Among the developments drawing immediate attention was the formal publication of the Chiefs' unrestricted free agent roster — a document notable not just for who appeared on it, but for who didn't. As widely anticipated within league circles, punter Matt Araiza was conspicuously absent, signaling Kansas City's intent to retain his services heading into the 2026 campaign.
Charles Goldman of A to Z Sports has since confirmed the mechanism behind Araiza's omission: the Chiefs extended him an exclusive rights free agent (ERFA) tender, locking him into the organization under the NFL's roster control framework.

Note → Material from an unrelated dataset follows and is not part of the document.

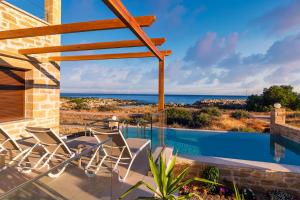 a house with a swimming pool with a view of the ocean at Athinais villa in Palaiochora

Under the league's collective bargaining structure, players whose contracts expire after accumulating fewer than three accrued NFL seasons fall into the ERFA classification — one of the most team-favorable designations in professional football. When a club extends a minimum, non-guaranteed salary offer to such a player, that individual is legally prohibited from entertaining overtures from competing franchises. For Araiza specifically, having logged two credited seasons, his 2026 contract value is set at $1,075,000 — a cost-controlled figure that represents meaningful roster efficiency for a specialty position.
Araiza's path to Kansas City was anything but conventional. Originally selected by the Buffalo Bills in the sixth round of the 2022 NFL Draft out of San Diego State, his professional career was derailed before it ever truly launched when a legal matter resulted in his release prior to his rookie season. He remained outside the league entirely through 2023 before the Chiefs extended him an opportunity in 2024 — a calculated roster gamble that has since shown signs of paying dividends.

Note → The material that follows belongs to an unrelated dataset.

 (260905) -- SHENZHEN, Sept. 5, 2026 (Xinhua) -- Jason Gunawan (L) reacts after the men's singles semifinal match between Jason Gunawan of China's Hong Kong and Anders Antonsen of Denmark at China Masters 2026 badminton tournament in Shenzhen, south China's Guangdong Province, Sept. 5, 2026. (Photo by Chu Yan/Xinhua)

His debut season in Kansas City was inconsistent by most measurable standards, and the organization responded by introducing legitimate positional competition last offseason in the form of undrafted rookie Eddie Czaplicki. Araiza ultimately held off the challenge and delivered a substantially more refined performance in his second year — most notably reflected in his touchback percentage, which fell sharply from 14.5% in 2024 to just 5.4% in 2025. That kind of trajectory in a metrics-driven specialty role is exactly the sort of development that earns continued investment. Whether that improvement is sufficient to dissuade the Chiefs from once again testing the punter market this summer, however, is a question that remains open as the offseason progresses.

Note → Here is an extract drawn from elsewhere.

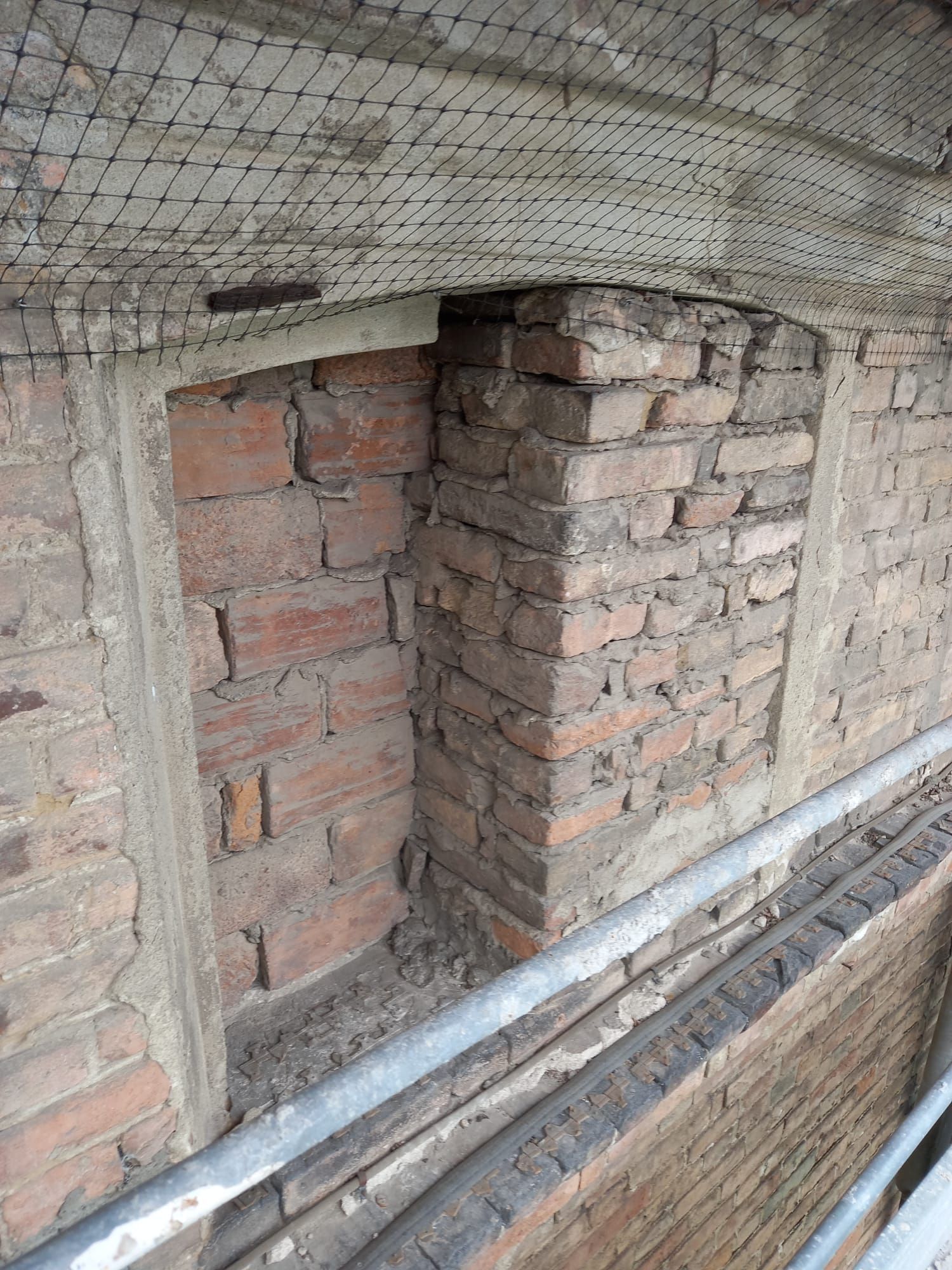 Finestra murata in un muro di mattoni con malta visibile e rete metallica di rinforzo sopra.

Goldman also confirmed that wide receiver Nikko Remigio is similarly the recipient of an ERFA tender — a development that carries a degree of irony given that Remigio's own representative had publicly framed the arrangement on Tuesday as a formal "extension" via social media. The contractual mechanics, however, point squarely to the standard ERFA structure, with Remigio's non-guaranteed one-year tender also valued at $1,075,000.
In a move that surprised virtually no one, Kansas City declined to extend a restricted free agent tender to offensive lineman Mike Caliendo, clearing the way for him to engage freely with any interested franchises. The Chiefs similarly opted against tendering running back Keontay Ingram and cornerback Eric Scott — both of whom had been brought aboard as depth acquisitions the previous offseason before landing on the Reserve/Injured list following injuries sustained during offseason workouts, ultimately rendering their 2025 contributions negligible.